▶ WHAT TO DO
Output begins at the line with "Tu as veillé" and ends at the last line of the records below. Copy each line in that span exactly, and leave out pictures.

Items listed in a dataset:

┄┄┄┄┄┄┄┄┄┄

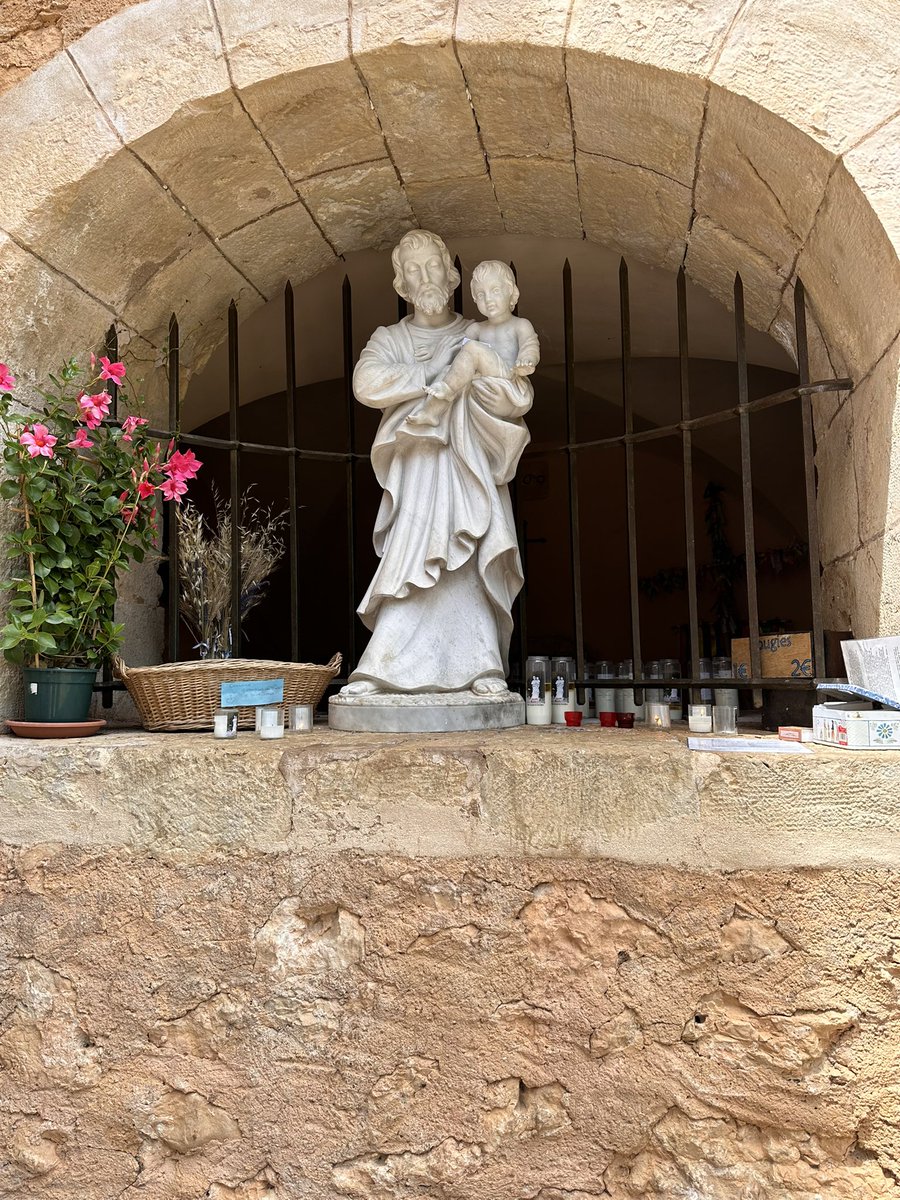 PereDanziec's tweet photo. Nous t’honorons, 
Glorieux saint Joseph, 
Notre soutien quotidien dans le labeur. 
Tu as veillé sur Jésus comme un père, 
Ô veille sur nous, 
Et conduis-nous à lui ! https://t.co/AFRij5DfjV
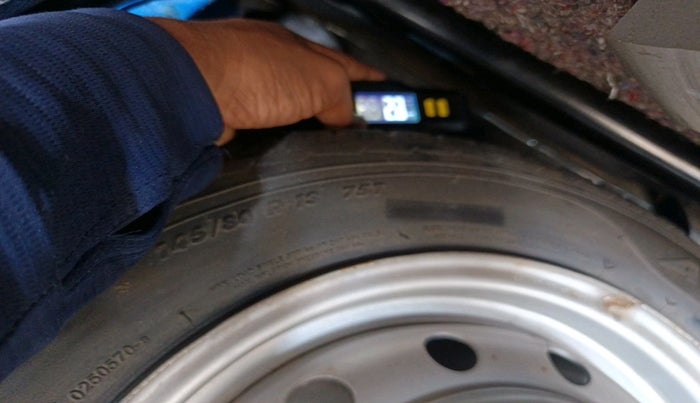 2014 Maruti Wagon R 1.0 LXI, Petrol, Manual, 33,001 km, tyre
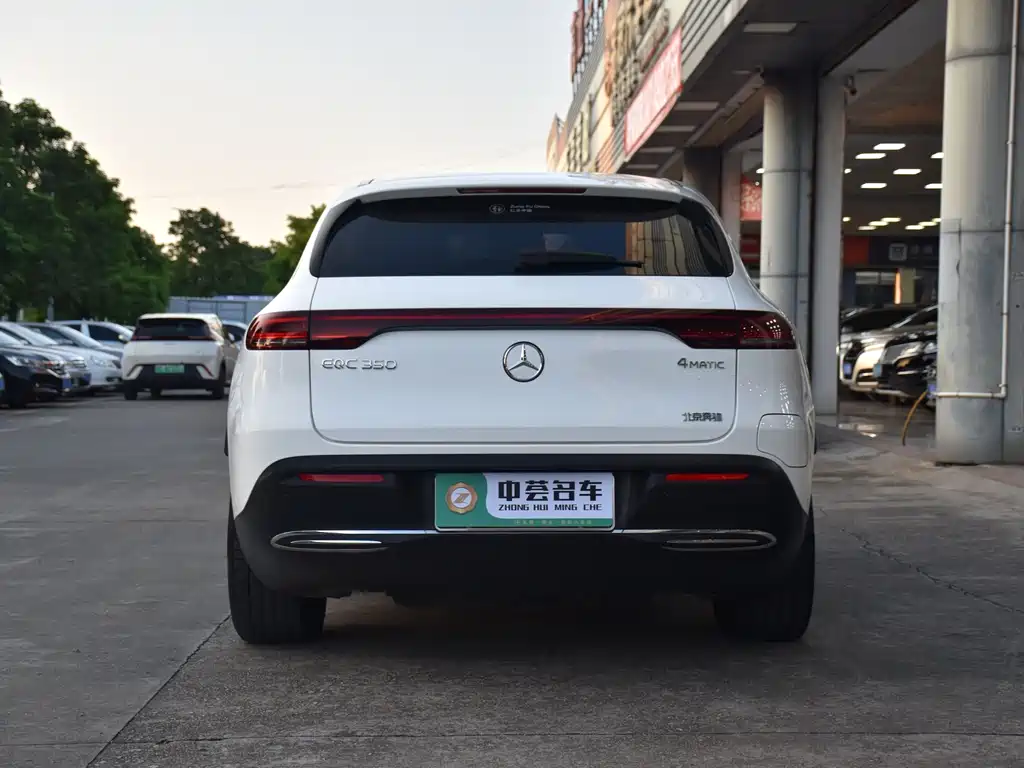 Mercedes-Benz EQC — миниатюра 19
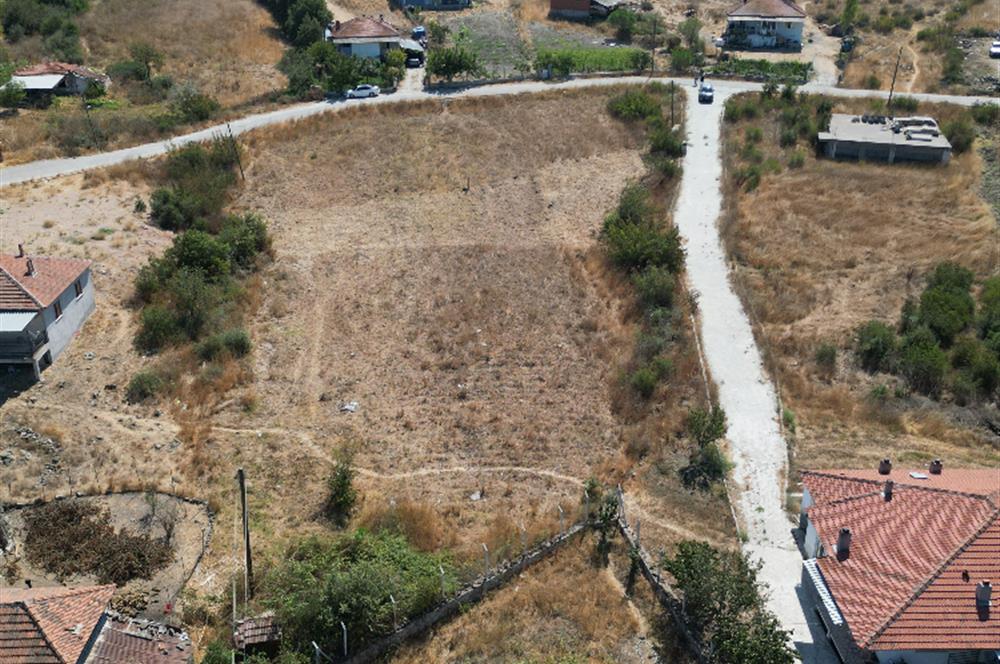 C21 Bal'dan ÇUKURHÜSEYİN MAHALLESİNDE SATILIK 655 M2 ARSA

┄┄┄┄┄┄┄┄┄┄

▶ WRITTEN RESPONSE
Tu as veillé sur Jésus comme un père, 
Ô veille sur nous, 
Et conduis-nous à lui ! https://t.co/AFRij5DfjV
 2014 Maruti Wagon R 1.0 LXI, Petrol, Manual, 33,001 km, tyre
 Mercedes-Benz EQC — миниатюра 19
 C21 Bal'dan ÇUKURHÜSEYİN MAHALLESİNDE SATILIK 655 M2 ARSA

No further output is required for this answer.